Summary
A 1,257-participant cohort with 18,288 dried blood spot (DBS) samples collected over 134 analytical batches and 15 months is used to test whether untargeted LC-MS metabolomic profiles carry enough individual-level signal to identify a participant from a single fingerprick. After batch-aware normalization, supervised feature selection, biological signal filtering, and user-level majority voting across DBS cards, the model reaches 94.1% user-level accuracy and 85.5% sample-level accuracy under 10-fold GroupKFold (group = batch). On a held-out future-batch set of 17 batches, the model reaches 96.1% user-level and 92.6% sample-level accuracy across 1,134 classes, against a chance baseline of 0.088%.

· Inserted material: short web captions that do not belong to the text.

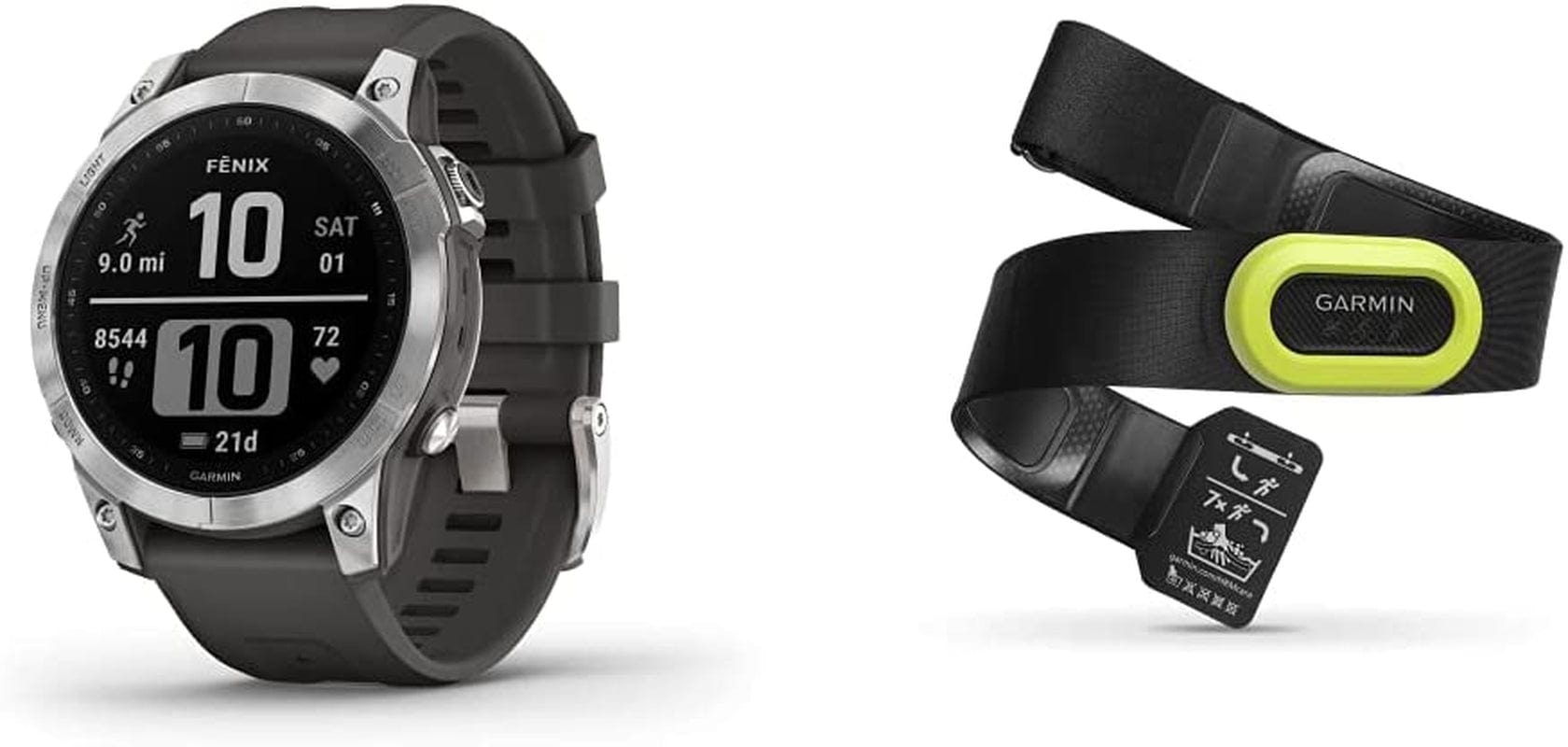 Fenix 7S Solar, Smaller Sized Adventure Smartwatch, with Solar Charging Capabilities, Rugged Outdoor Watch with GPS, Touchscreen, Health and Wellness Features, Slate Gray with Black Band Silver w/ Graphite Band / 7 / Smartwatch + Heart Rate Monitor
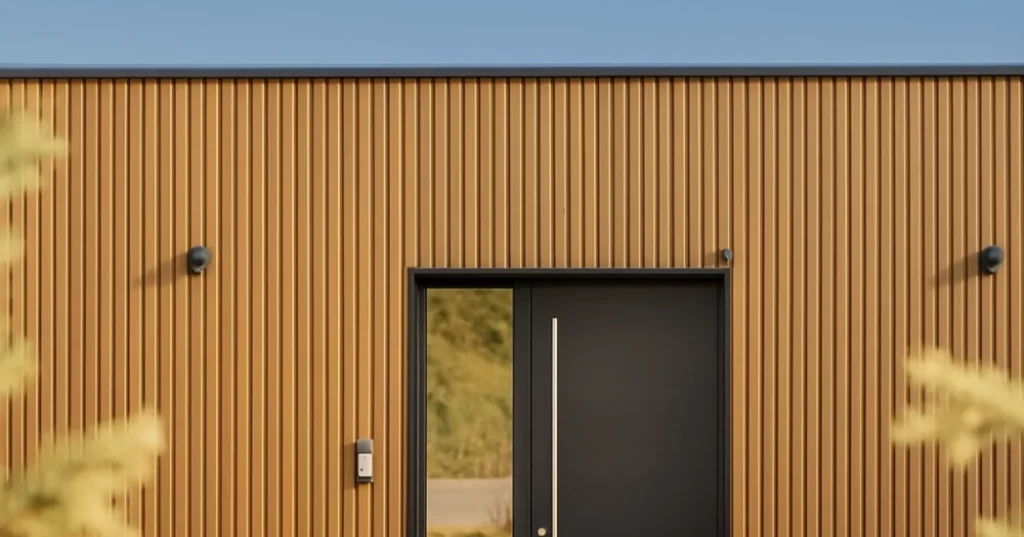 Facade en bardage bois composite clair sur une maison moderne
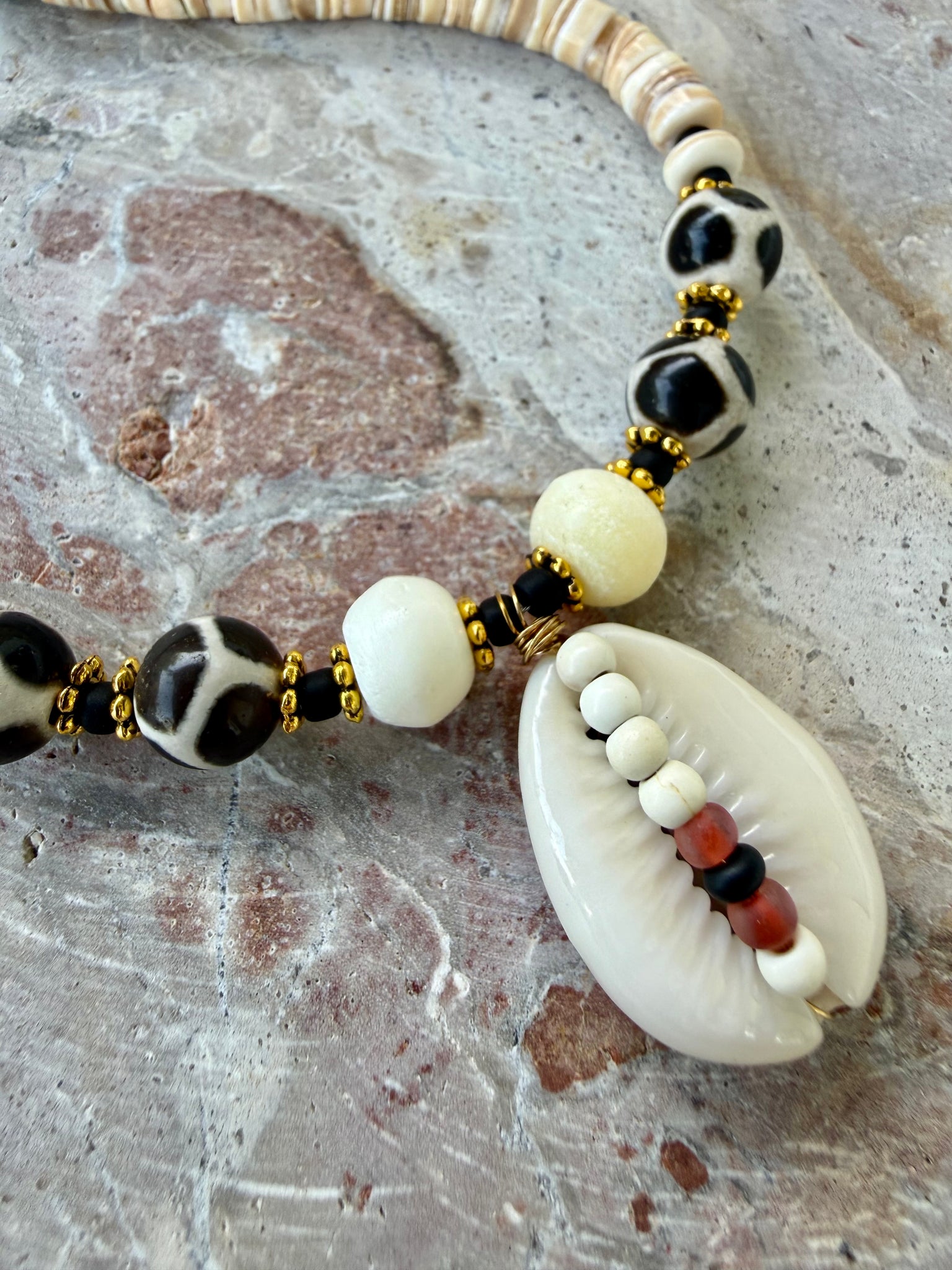 Cowrie Shell Tribal Beach Necklace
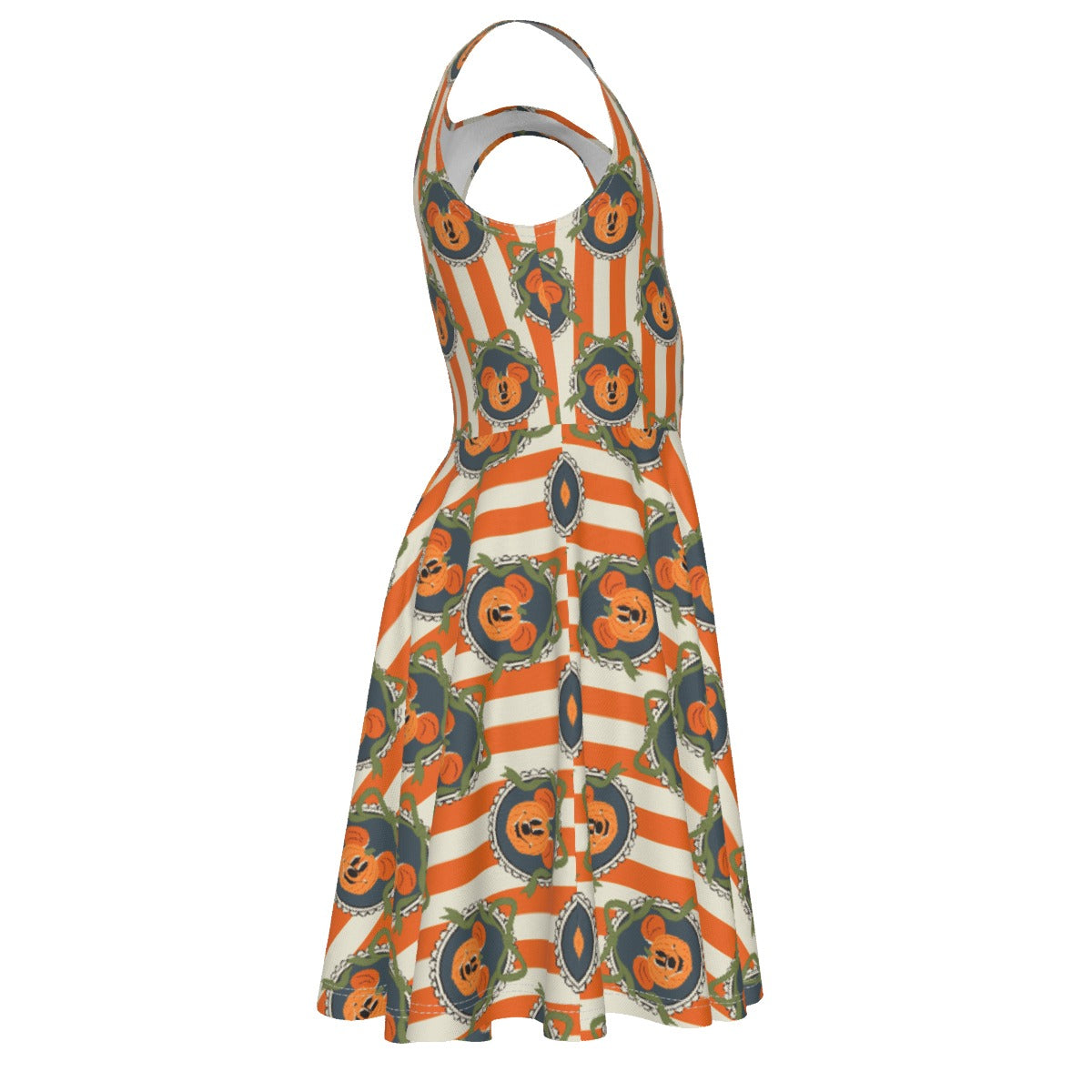 Pumpkin Cameo Stripes - Kid's Sleeveless Skater Dress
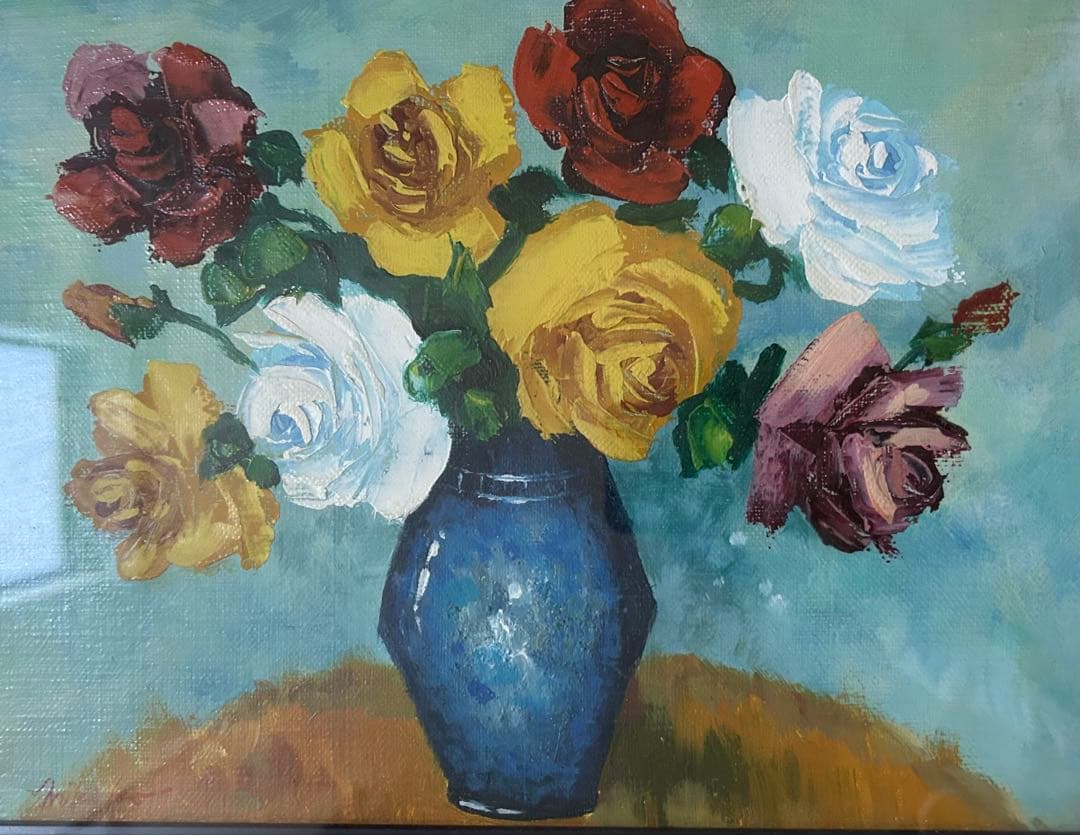 油絵 真作 バラ 美紀子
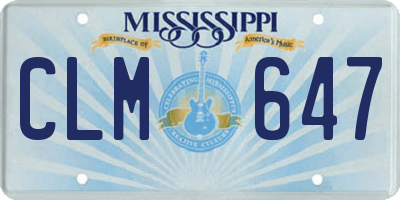 MS license plate CLM647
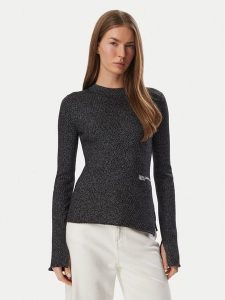 Karl Lagerfeld Jeans Sweter B4W18005 Czarny Slim Fit. Czarne swetry klasyczne Karl Lagerfeld Jeans, m, z jeansu, bez kołnierzyka. Za 549,99 zł.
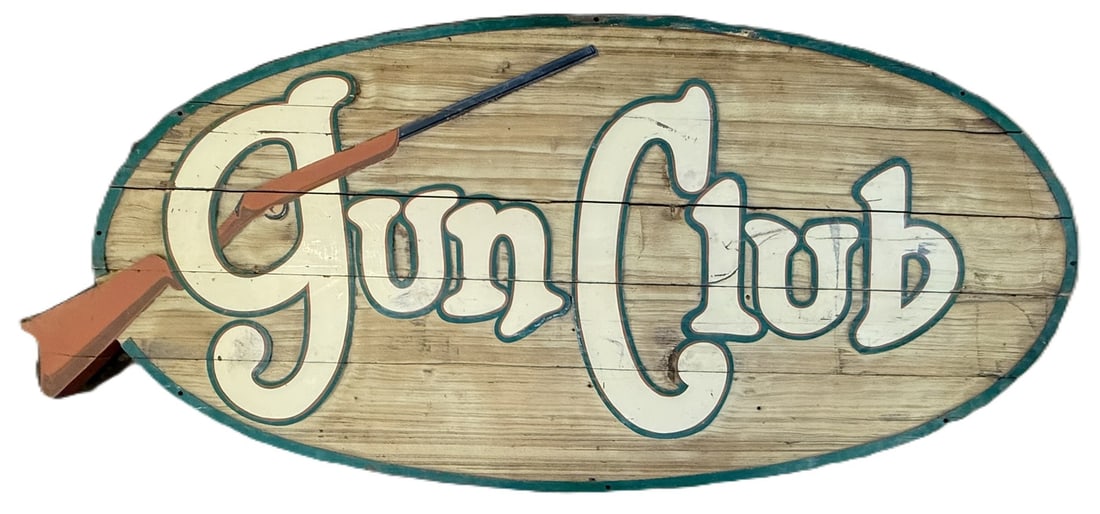 Massive 93" Gun Club Carved Wooden Store Sign: Incredible 93" wide x 42" tall - see all photos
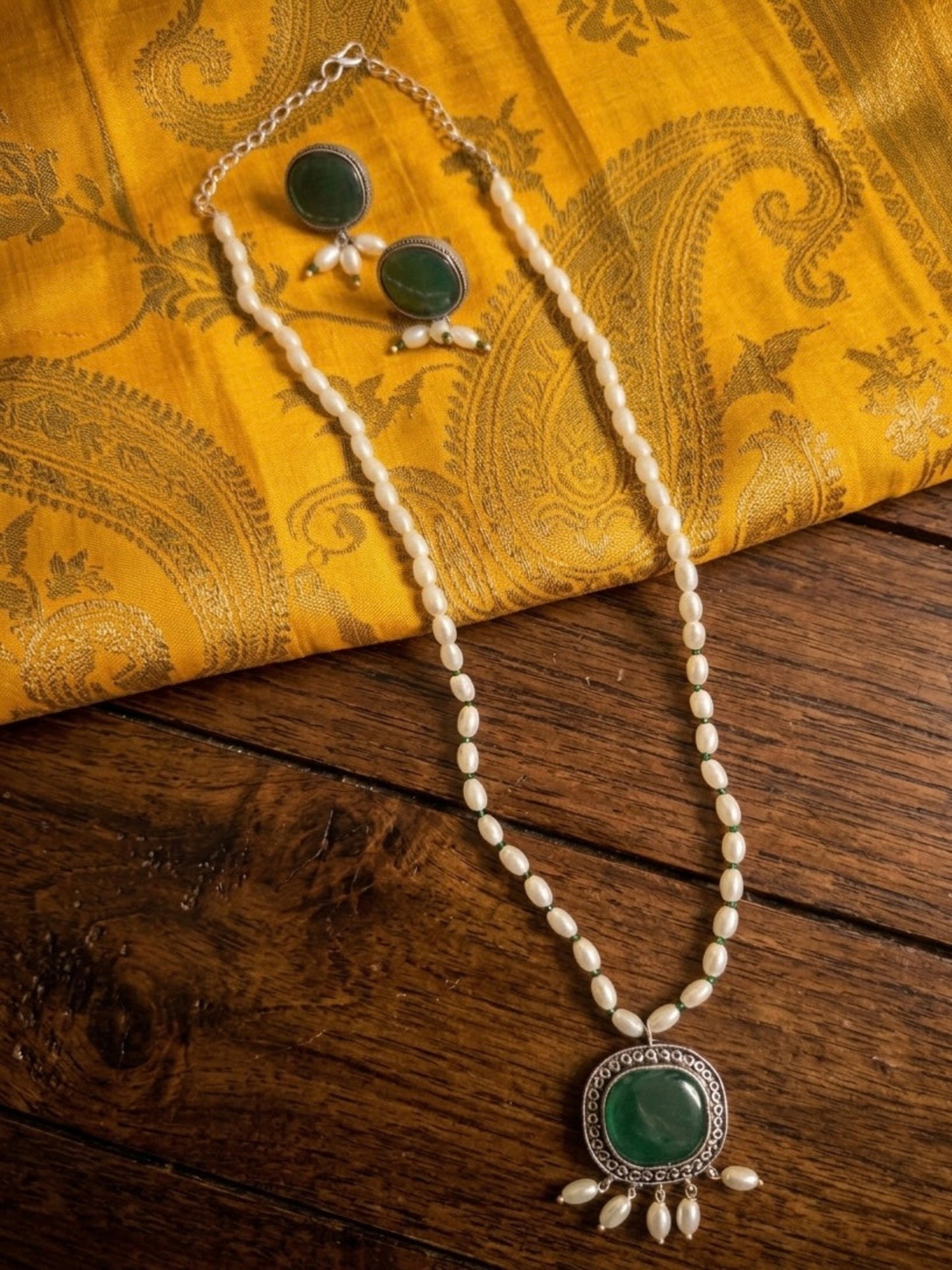 Pearl & Stone Pendant Set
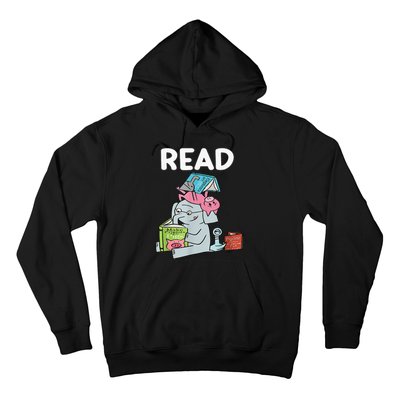 Reading Elephant And Book Lovers Friendship Hoodie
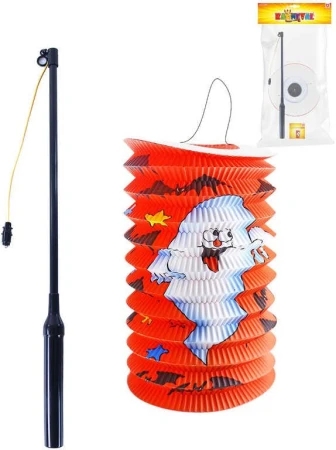 Lampion Halloween duch oválný 15cm set s hůlkou na baterie na svíčku Světlo Lampion Halloween duch oválný 15cm set s hůlkou na baterie na svíčku Světlo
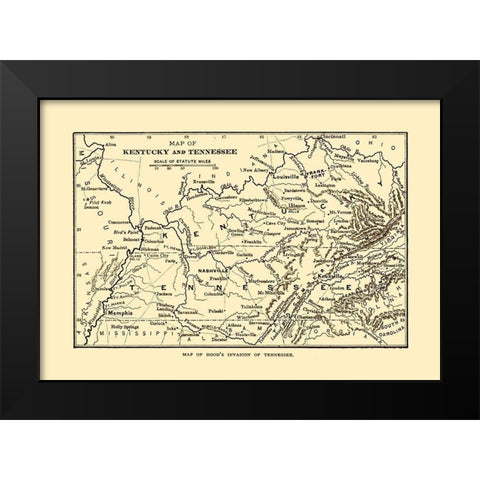 Tennessee Hoods Invasion -Century 1864  Black Modern Wood Framed Art Print by Century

A second contribution of the paper is methodological: the authors show that naive random splitting inflates accuracy because 92.8% of test samples share their (user, batch) pair with the training set. Group-aware splitting is required to measure real generalization.
Why it matters
Most biomarker science still treats lab values as one-shot snapshots. This preprint lays out the case, with data, for treating biology as a trajectory and for evaluating change against an individual’s own baseline. It also frames the protocol and validation discipline that the rest of BioTwin’s research programme is built on.
Authors
Pierrick Hauguel, Nicolas Anctil, Louis-Philippe Noel. All authors are employees and shareholders of BioTwin Inc. PCT patent pending.